My name is Paul and Im an alcoholic. Whenever we have food meetings or events we bring a dish to pass or have a seperate basket for special events.

Member: BOB T
Location: St. Louis, MO
Date: 29 Apr 1999
Time: 17:54:01


TO Rich B.: I will share with you that, if you ask God to give you the answer that is right for you, you will recieve it in your heart and in your gut. That doesnt mean that you are necessarily right as God does not take sides but all the yesses and nos are part of God expressing Himself in the group conscience and are all a part of the whole answer. It may mean that your group makes a "so-called mistake", I say so-called because it may be God directed. If it is then see what you can learn either way. As our friend Bill T. above knows, what is more important to AA is that a member such as yourself learn to ask God for the right thought or action and learn to distinguish between the letter and the Spirit of these traditions. That will be more important than anyone telling you what you should logically think about a given situation. This was not intended to answer your question but, I got to share with a drunk and you got to listen to one and we both stayed sober.

Ask with your heart, Bob

Member: John M.
Location: Ventura
Date: 30 Apr 1999
Time: 07:23:49


My name is John and I am an alcoholic. I love this tradition because it allows for a variety of meeting "styles" to exist.
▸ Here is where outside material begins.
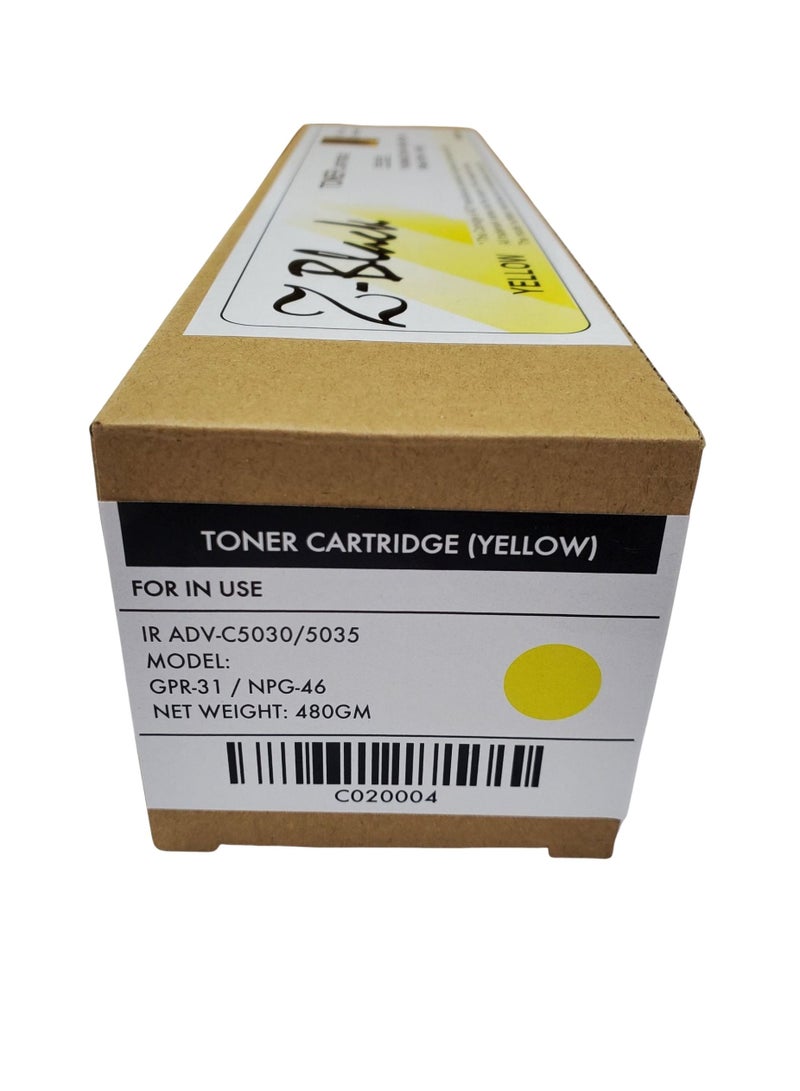 Z-Black Compatible Toner Cartridge for Canon IR Advance C-5030 / 5035 / 5235 / 5240 / NPG46 / GPR31 / C-EXV29 ( YELLOW ) - Image 2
Sometimes I want to go to a meeting where newcomers and out of towners are encouraged to share, and other times I just want to here the same old rhetoric you get from less open meetings. One meeting I like to attend is always a "volunteer" sharing type, this is my favorite but sometimes it gets chaotic and way off base. Another meeting I attend is very close minded where a select few call only on each other, but they use their control to keep the message clear. Also I the the fact we can have group discussion on the format and type of meeting without any dictates from a central authority. Yhe best part of this is if a meeting fails we have no one to blame but ourselves.

Member: Caroline P.
Location: Austin, TX
Date: 01 May 1999
Time: 01:19:49


Hi Everyone! How are you? One of the things that interests me about this Tradition is that it allows each group to decide things on its own. In early recovery it was scarey for me to decide things, and make my own decisions, because I was terrified to fail. So, I think it is healthy for each group to risk, and learn from their mistakes and successes. The members have to take on jobs, vote on issues, make decisions.....if the group was not entirely on its owns for these things - how healthy would its members be? Well, its late, and I am tired....One Day at a Time to all, and to all a good night. Caroline

Member: Doc S.
Location: South Korea
Date: 02 May 1999
Time: 05:21:23


My server at honam.honam has been down, so I lost my last posting and anything relevant to it. If you are trying to reach me for any reason including taking inventory write

I've been reading Raymond Carver's stories which concern recovery among other things. Does anyone know "Cathedral"? It's uplifting and beautiful, I recommend it. Another one "Where I'm Calling from" is about life in a rehab retreat.

Best Wishes, Doc (a nickname sometimes given to piano players, cardsharps or lost travelers like "Doctor Livingston, I preseume." Gotta go.